A repository of scripts which I use to convert content from my social media websites to my markdown based blog.
As a facebook user one can download all the data which facebook has stored about you, see
This script can extract the post data (including the link preview to external websites) from this data blob and convert it into markdown files with a frontmatter suitable for a blog/homepage created by hugo.
- python 3.9
- pipenv
- facebook account
First you need to download all your data from facebook. Follow the description from https://www.facebook.com/help/212802592074644. For this script to work it is best to select
- format: JSON
- time range: all
- media quality: high
It can take several days until facebook will notify you via email, that your file is ready to download.

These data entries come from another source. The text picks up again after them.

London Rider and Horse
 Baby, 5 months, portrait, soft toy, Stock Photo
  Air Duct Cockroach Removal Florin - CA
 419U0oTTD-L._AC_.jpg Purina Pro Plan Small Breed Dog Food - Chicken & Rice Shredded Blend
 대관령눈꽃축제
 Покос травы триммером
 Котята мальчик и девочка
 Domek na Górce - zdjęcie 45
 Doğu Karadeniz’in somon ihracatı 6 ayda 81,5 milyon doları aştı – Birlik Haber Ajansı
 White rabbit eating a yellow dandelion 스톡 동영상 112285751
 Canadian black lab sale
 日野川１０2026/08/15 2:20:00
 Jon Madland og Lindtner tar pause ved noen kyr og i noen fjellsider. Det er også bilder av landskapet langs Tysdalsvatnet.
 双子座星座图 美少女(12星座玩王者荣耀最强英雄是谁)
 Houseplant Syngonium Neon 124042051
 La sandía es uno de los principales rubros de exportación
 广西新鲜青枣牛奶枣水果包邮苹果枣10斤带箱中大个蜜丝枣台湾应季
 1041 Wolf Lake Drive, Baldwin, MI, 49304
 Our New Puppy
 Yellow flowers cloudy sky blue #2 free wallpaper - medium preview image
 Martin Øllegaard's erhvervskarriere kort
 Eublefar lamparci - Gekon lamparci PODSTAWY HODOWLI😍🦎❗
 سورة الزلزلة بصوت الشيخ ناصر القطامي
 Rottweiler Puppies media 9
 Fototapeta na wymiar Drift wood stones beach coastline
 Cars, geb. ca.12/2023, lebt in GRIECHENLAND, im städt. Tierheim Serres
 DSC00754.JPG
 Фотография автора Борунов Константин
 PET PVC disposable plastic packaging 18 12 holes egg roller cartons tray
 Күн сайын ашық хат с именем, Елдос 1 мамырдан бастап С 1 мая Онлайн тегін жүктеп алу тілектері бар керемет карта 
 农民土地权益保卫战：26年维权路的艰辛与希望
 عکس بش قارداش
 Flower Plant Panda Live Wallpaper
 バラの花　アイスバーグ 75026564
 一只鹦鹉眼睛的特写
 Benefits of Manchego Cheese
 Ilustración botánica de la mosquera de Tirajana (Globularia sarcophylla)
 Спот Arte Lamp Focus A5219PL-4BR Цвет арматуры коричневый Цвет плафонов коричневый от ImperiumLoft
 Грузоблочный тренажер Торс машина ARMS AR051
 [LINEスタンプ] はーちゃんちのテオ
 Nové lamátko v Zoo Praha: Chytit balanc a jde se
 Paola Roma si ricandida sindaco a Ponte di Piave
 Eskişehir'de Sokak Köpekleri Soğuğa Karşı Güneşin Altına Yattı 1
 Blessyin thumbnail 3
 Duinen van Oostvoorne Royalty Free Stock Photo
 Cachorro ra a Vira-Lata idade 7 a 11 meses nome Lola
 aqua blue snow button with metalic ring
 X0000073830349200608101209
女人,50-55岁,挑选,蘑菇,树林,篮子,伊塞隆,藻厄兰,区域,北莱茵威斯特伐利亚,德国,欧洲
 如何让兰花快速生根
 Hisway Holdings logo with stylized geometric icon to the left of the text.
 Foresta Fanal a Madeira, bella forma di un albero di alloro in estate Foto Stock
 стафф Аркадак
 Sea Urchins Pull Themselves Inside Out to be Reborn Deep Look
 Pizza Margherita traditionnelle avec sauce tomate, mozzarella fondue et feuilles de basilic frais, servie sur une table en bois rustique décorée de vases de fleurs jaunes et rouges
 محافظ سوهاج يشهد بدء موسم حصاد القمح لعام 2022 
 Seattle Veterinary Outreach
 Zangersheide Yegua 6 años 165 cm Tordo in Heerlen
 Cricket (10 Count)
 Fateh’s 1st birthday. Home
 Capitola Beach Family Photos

Then after cloning this repository you must first install the necessary dependencies and activate the virtual python environment
$ pipenv install
$ pipenv shell
Then before using the script modify the frontmatter template which is used to generate the markdown posts
$ nano post_template.md # You can use any other text editor of your choice
After editing and saving the post_template.md
running the script is as simple as follows
$ python face2blog.py <path_to_facebook_data.zip> <path_to_output_dir_for_posts>
It will unzip your facebook data blob, extract all content from the your_posts.json
and convert each facebook post into a markdown post using the post_template.md
as template. It will also extract external links/urls from your facebook post and create a link preview from it. This will be done in parallel, but if you have a huge number of facebook posts it might still take a while until the script has made a connection to every
url and generate a preview.
The script is conservative an will not overwrite existing files. But there
is a option -u
to update the frontmatter of all existing posts. This is
useful if you already created the posts and the preview, and don't want to recreate the preview, only update the frontmatter. Because sometimes urls change or vanish, so that you might not want to recreate the preview.
See all option here
$ python face2blog.py -h
usage: face2blog.py [-h] [-u] input output
Convert data from facebook to markdown blog posts.
positional arguments:
input Input file - the zip file downloaded from facebook
output Output directory for markdown files
optional arguments:
-h, --help show this help message and exit
-u, --update Update header of existing files. Leaves content of existing files intact.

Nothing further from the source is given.